AIM OF THE TASK:
Return exactly, with nothing added, the lines from the one that contains "Formula E Pit Boost" through the end of the listing below, pictures excluded.

-- Opening Marker --

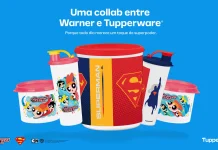 Tupperware e WBDGCP apresentam coleções inspiradas em Superman e As Meninas Superpoderosas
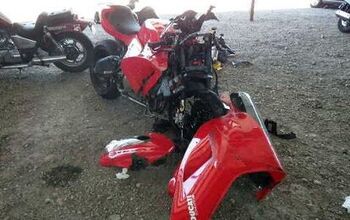 Wrecked Ducati Desmosedici RR to Be Auctioned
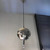 Brace Chrome Circles Pendant Light-4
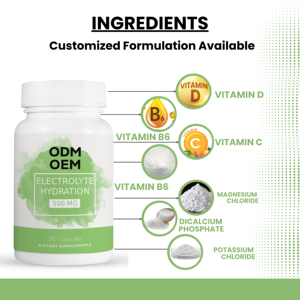 Tùy chỉnh điện hydrat hóa viên nang <span class=keywords><strong>90</strong></span> đếm phức tạp vitamin và khoáng chất sức khỏe tự nhiên năng lượng hỗ trợ OEM ODM - Product Image 4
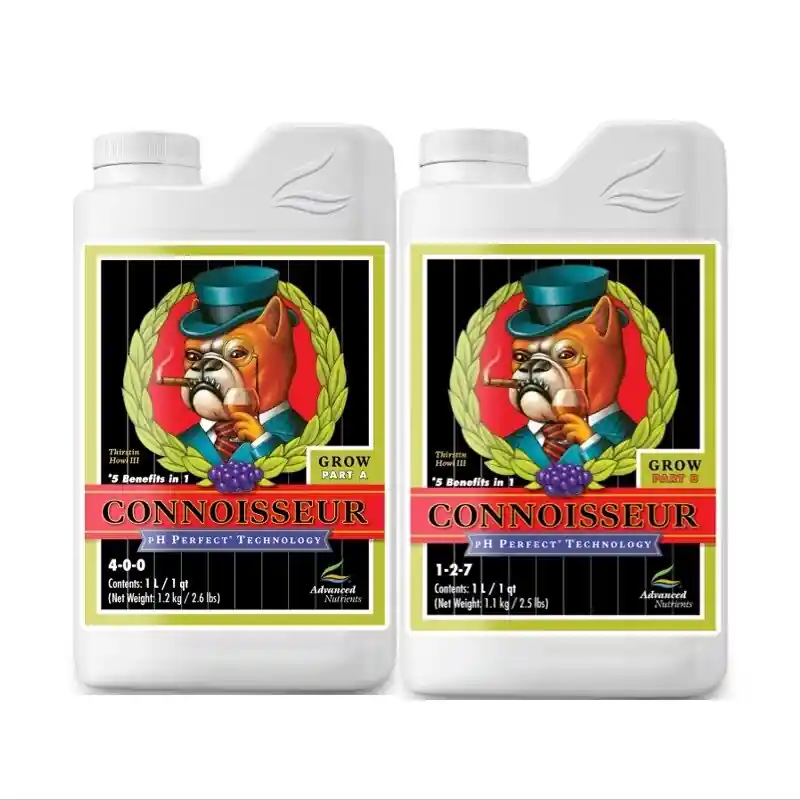 Nieuw gelanceerd - Advanced Nutrients pH Perfect® Connoisseur® Grow A en B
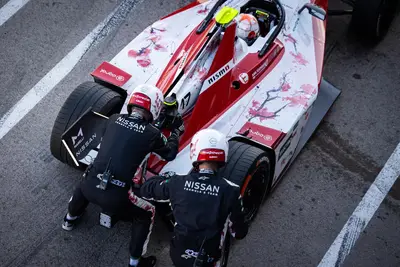 Formula E Pit Boost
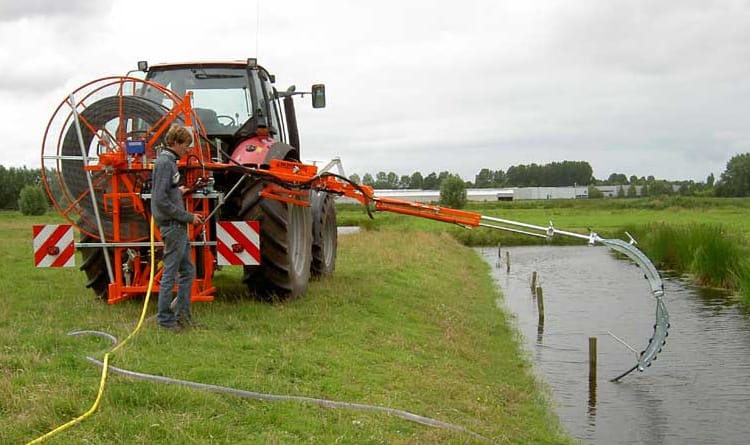 Drainagereiniging – draadloos bovenop het werk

-- Closing Marker --

REPLY TO THE TASK:
 Formula E Pit Boost
 Drainagereiniging – draadloos bovenop het werk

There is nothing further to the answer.